===== DATA
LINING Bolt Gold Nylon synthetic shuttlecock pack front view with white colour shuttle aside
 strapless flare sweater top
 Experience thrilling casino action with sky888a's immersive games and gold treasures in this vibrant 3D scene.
==========
===== DATA
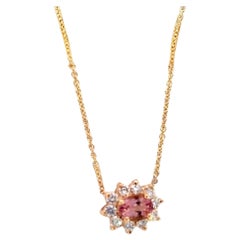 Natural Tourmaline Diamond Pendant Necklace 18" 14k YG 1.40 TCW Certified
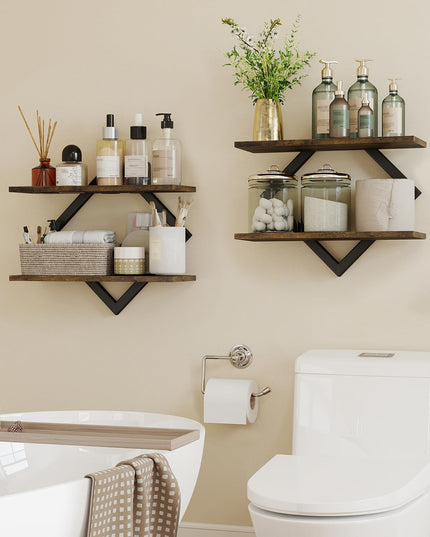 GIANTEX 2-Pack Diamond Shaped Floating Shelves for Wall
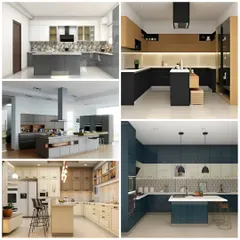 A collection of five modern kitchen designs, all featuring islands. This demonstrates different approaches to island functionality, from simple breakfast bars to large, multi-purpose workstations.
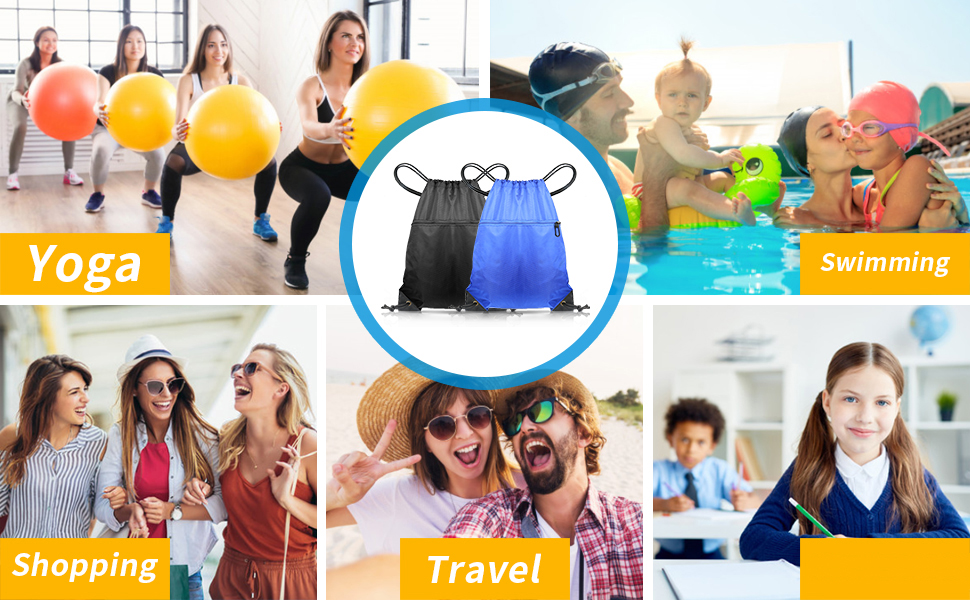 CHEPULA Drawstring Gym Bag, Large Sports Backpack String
==========
**TASK TO COMPLETE**
Look above for the line holding "strapless flare sweater top" and the line holding "Experience thrilling casino", then output exactly those two lines and every line between them, nothing more.

**EXPECTED ANSWER**
 strapless flare sweater top
 Experience thrilling casino action with sky888a's immersive games and gold treasures in this vibrant 3D scene.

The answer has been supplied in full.